Assignment 8 Commentaries and Mini-Project
Alien Reading: Text Mining, Language Standardization, and the Humanities
This article takes a proceed with caution approach to using text mining software in the humanities. It points out that these softwares are a best fit model that was trained to scientific and news focused texts and fails on humanistic test data. Binder notes that many ignore the fact that these text mining tools can’t be separated from the circumstances of their creation when they are applied to non-standardized works. For example, when a software looks for topics and associates texts with topics, it ignores nuances associated with creative writing. These bag-of-words type assumptions, which ignore syntax, ignore the human aspect of writing and limit interpretability of humanities texts that prioritize aesthetics over pure information. I thought the conversation about how these models need to avoid overfitting but have accurate results was interesting given that there isn’t any ideal way to interpret certain works. Clearly the critical approach described is necessary, but I wonder if there are any other types of statistical method that would work other than this (seemingly) tree based model.

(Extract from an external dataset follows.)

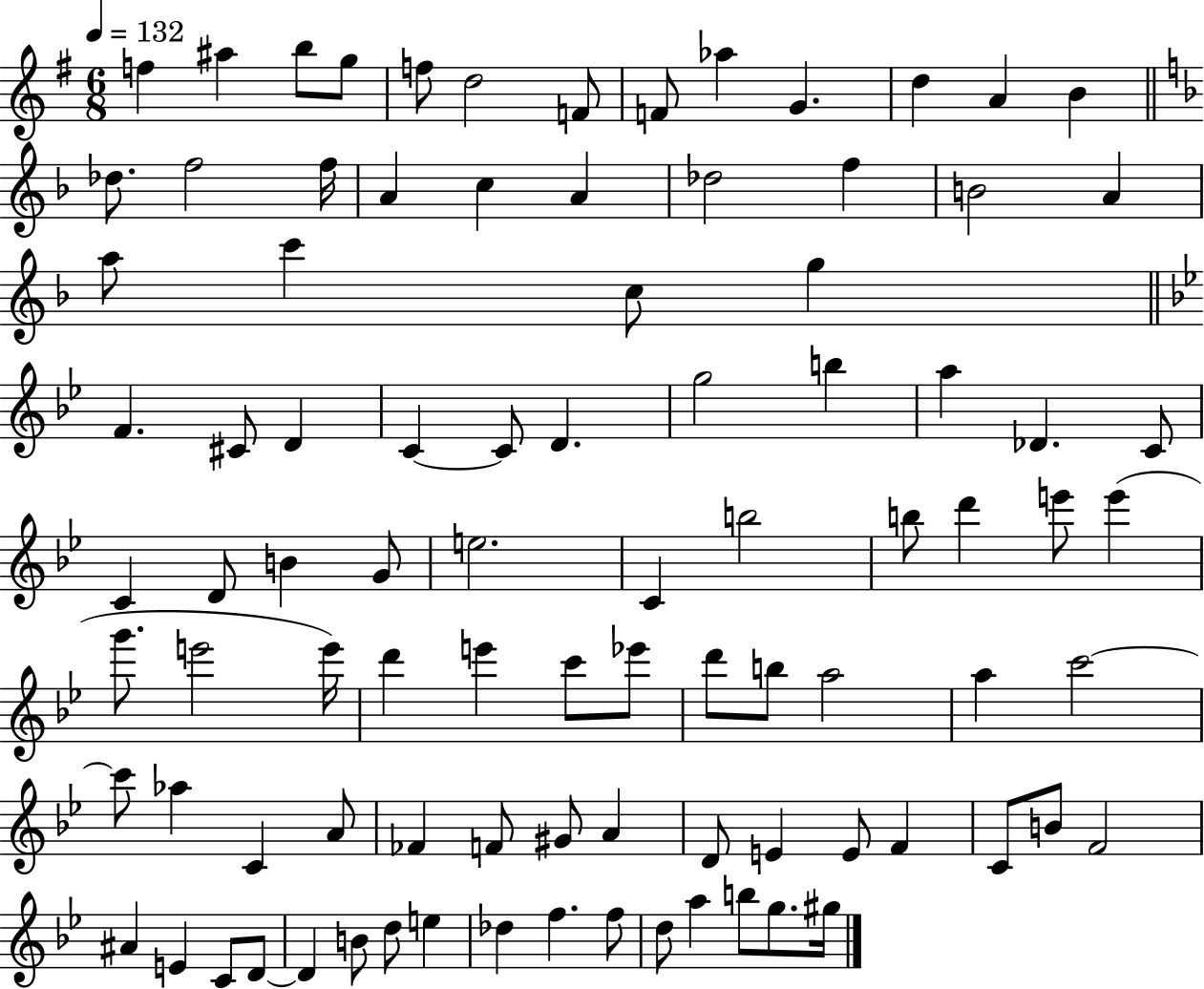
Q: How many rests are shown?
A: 0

Text as Data: A Modest Proposal, JSTOR TopicGraph
I tried out the TopicGraph for the mini project and decided to analyze A Modest Proposal by Jonathan Swift because I was interested in how the tool would work with a piece of satire, especially given its goals of enabling you to quickly understand the topics covering in texts
The tool is straightforward, allowing users to either choose from a selection of documents or upload a pdf version of their own. After uploading, it pretty quickly sends an email notifying you that the document is ready. You’re linked to an easy to read and well-structured website which lists phrases that occurred most frequently. It also allows you to go to individual pages, which I found particularly useful.

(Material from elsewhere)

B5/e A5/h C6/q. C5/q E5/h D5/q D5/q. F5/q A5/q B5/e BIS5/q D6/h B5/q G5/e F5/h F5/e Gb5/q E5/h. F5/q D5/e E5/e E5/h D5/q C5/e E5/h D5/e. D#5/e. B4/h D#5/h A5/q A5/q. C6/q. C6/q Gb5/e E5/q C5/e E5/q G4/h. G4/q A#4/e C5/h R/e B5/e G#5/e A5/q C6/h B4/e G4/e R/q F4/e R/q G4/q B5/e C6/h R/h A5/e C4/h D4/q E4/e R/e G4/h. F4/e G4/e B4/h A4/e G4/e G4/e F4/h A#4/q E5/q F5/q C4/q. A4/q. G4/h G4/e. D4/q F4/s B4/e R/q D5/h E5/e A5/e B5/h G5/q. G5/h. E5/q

Some of the words/word strings it picked up were “Irish Nationalism” “Meats” “Christian History” and “Body Fat” which are definitely relevant but on their own don’t contribute much to understanding the text itself.
Ultimately, this tool isn’t one that can be used for a deep and involved analysis of a text, since it misses important contextual clues and priorities word count instead. That being said, it is a nice way to get a vague idea of what is going on in the text, and how the author is trying to get their point across.